Verbindungen in den Libanon

Wie sich weiter zeigt, sitzen Leute aus Herrs Umfeld auch im Libanon. Der 68-jährige Walid El Houri bezeichnet sich als Partner von Eypo, was Alexander Herr bestreitet. Recherchen des «Tages-Anzeigers» legen indes nahe, dass zumindest eine Zusammenarbeit zwischen El Houris und Herrs Umfeld bestand.
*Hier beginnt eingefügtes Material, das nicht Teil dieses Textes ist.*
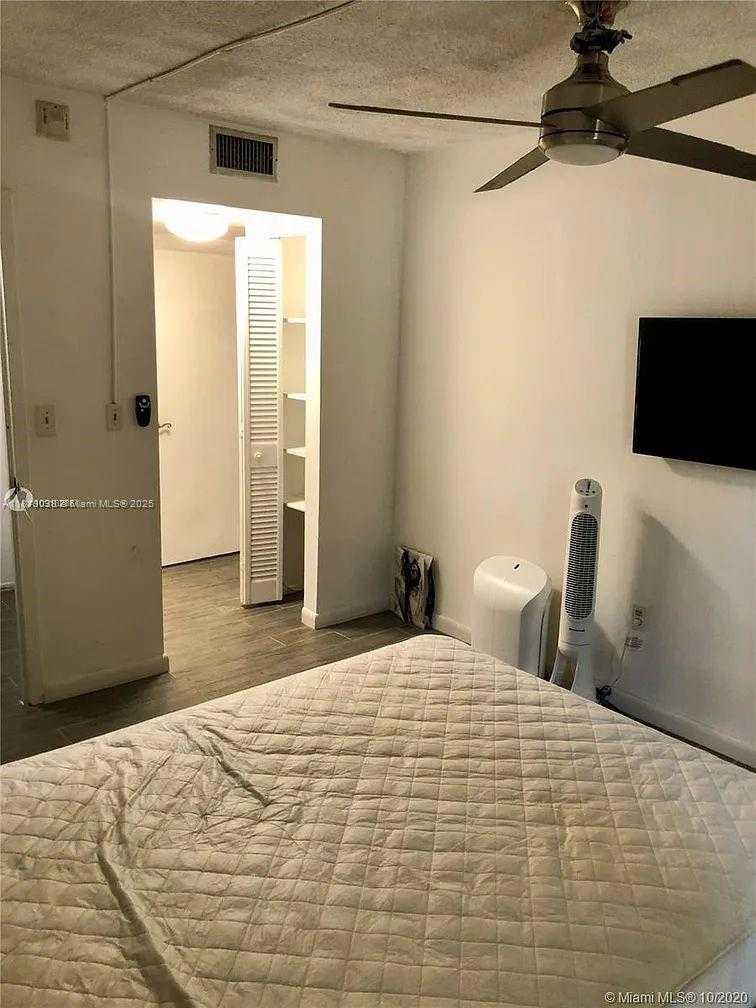Small Image of 17570 ATLANTIC BLVD #105, Sunny Isles Beach Number 11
El Houris libanesische Firma Aminex soll als Offshore-Kreditkartenfirma im Jahr 2001 Transaktionen für über 400 Millionen Dollar abgewickelt haben.

Im Börsenboom 1999 plante El Houri mit der ein paar Monate alten Firma Stadiumstore aus Florida den Börsengang in Deutschland. Die Firma existiert schon lange nicht mehr – aber zur kurzen Blütezeit agierten für sie auch Personen, die im Eypo-Umfeld wieder auftauchen.

Es ist wohl kein Zufall, dass Walid El Houris Sohn A. bis Anfang 2006 laut einem Eypo-internen Dokument Partner und Generalbevollmächtigter von Alexander Herrs Eypo war. Seinen Namen findet man mit jenem von Herr auch auf dem Briefkasten der Swiss Inkasso. Dieser ist nämlich inzwischen entdeckt – nicht am Firmensitz in Zürich, sondern in einer Chaletsiedlung in Oberterzen. Mit wunderbarer Aussicht auf den Walensee.